The yield on the 5.5 percent Mimshal Shiklit notes due in January 2022 gained 5 basis points, or 0.5 percentage point, to 3.77 percent at the close of trading in Tel Aviv. The yield gain tracked an eight basis-point advance in the 10-year Treasury note on Jan. 3 after Fed policy makers said they will probably end their $85 billion monthly purchases in 2013. Members were divided between a mid- or end-of-year finish.
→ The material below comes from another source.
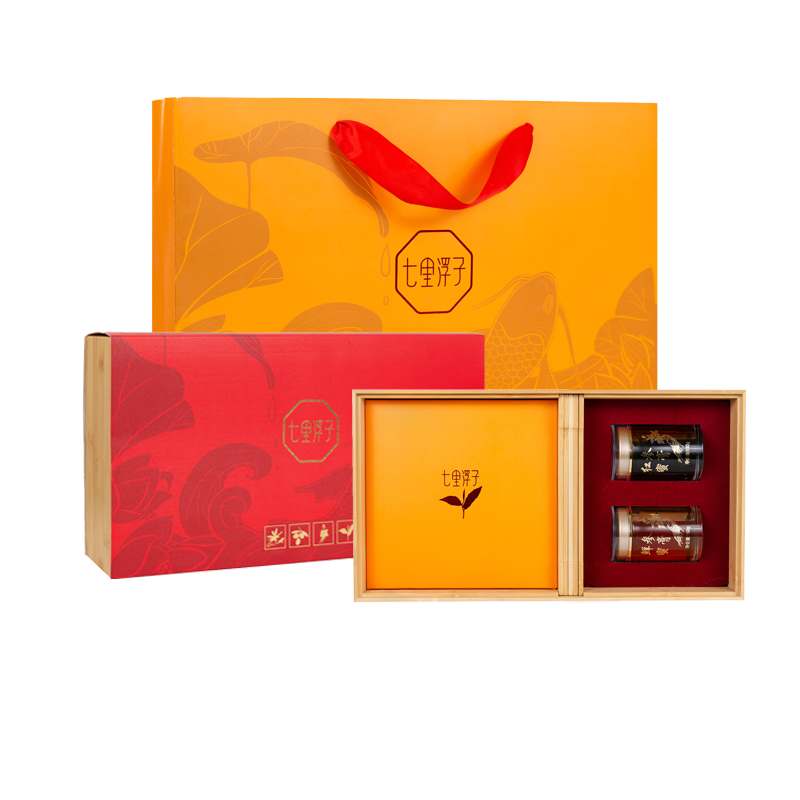荐代发七里浮子臻茗礼盒PS657g【2022普洱生茶/红参蜜膏/鲜参蜜膏】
The U.S. is Israel’s largest trading partner.
“Investors are scared of a long-squeeze, with the Fed now saying it might stop buying bonds,” said Yshai Shilo, a fixed-income broker at I.B.I.-Israel Brokerage & Investments Ltd. in Tel Aviv.
The shekel weakened 0.3 percent to 3.7731 per dollar on Jan. 4, adding to a 1.1 percent decline on Jan. 3, the steepest drop since November. The yield on Israel’s 1-year swap gained 2.5 basis points to 1.735 percent on Jan. 4.